Congressional Democrats introduced $15 minimum wage legislation on Wednesday. That would more than double the current federal minimum wage of $7.25 an hour, which hasn’t risen since 2009. As years have gone by and workers have organized around a $15 minimum wage—which has been passed in California, Massachusetts, New York, and the District of Columbia, as well as in several cities—Democrats’ ambitions for a minimum wage increase have gone from $9 to $10.10 to $12 to, now, $15.
The new legislation would provide an immediate boost to $8.55 an hour, then rise gradually to $15 in 2024, at which point it would be linked to the median worker’s income, providing automatic gradual raises so that there wouldn’t be any more 10-year plateaus. The plan would also give tipped workers a raise from the $2.13 an hour they’ve been getting for nearly 30 years.
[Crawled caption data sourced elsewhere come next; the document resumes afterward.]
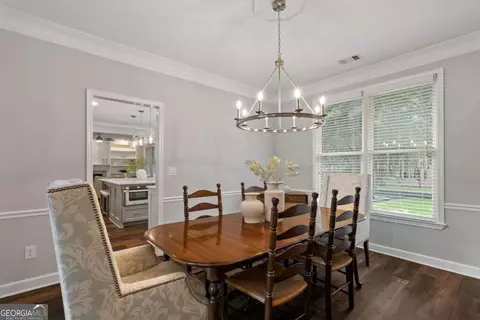 161 Forestview Dr, Suwanee, GA 30024 photo 13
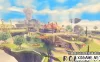 Switch游戏–NS 塞尔达传说 天空之剑HD 中文魔改整合版XCI下载,百度云下载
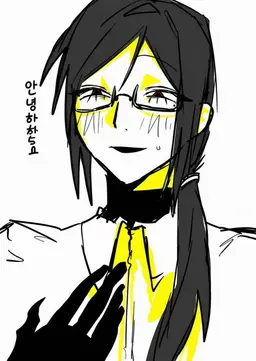 Profile image of 미나토 키요타카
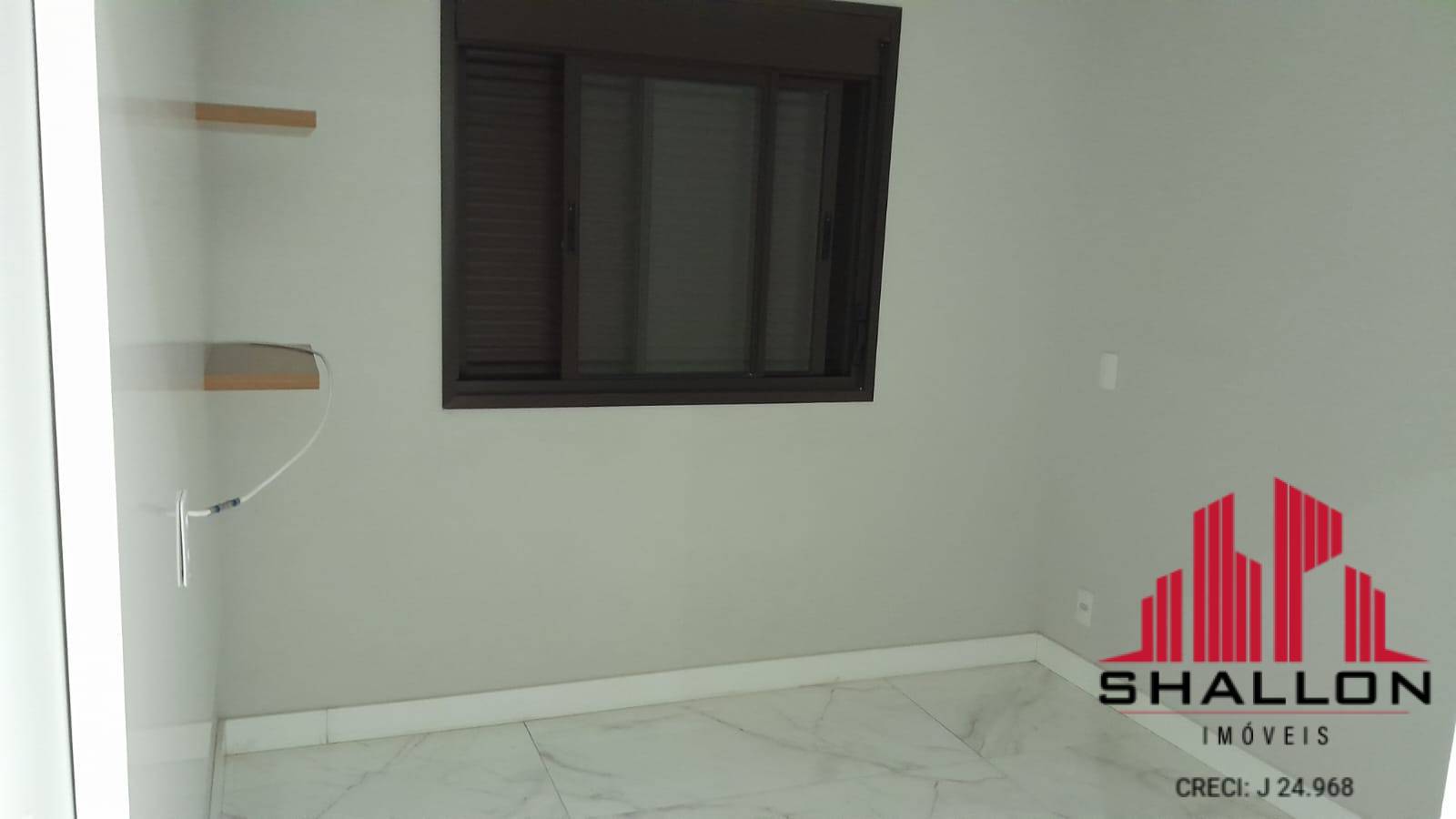 Apartamento, 2 quartos, 77 m² - Foto 25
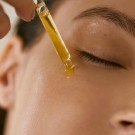 Aromatica Organic Golden Jojoba Oil 30ml thumbnail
According to the Economic Policy Institute, raising the minimum wage to $15 by 2024 would give 41 million people an average $3,500-a-year raise. Nearly two-thirds of the people who’d get raises work full-time, 56 percent are women, 47 percent have some college education, 28 percent have children, and more than half are between the ages of 25 and 54. Forty percent of African-American workers and 34 percent of Latino workers would get a raise. It’s not just service workers who would be affected, either: Substantial percentages of manufacturing and construction workers would also benefit.
Tons of research rebuts the inevitable Republican objections. As Bryce Covert summarizes:
One study looking at 138 increases between 1979 and 2016 found that the number of low-wage jobs was left basically unchanged. Other research ― especially the highest-quality studies — has similarly found no net impact on jobs. On the other hand, research does show that increases in the minimum wage are effective at lowering the poverty rate.
But if Republicans stopped claiming that raising the minimum wage would kill jobs, they’d just have to admit they hate workers.
It’s years past time for the minimum wage to go up. This has to be a major Democratic focus even in the face of inevitable Republican opposition.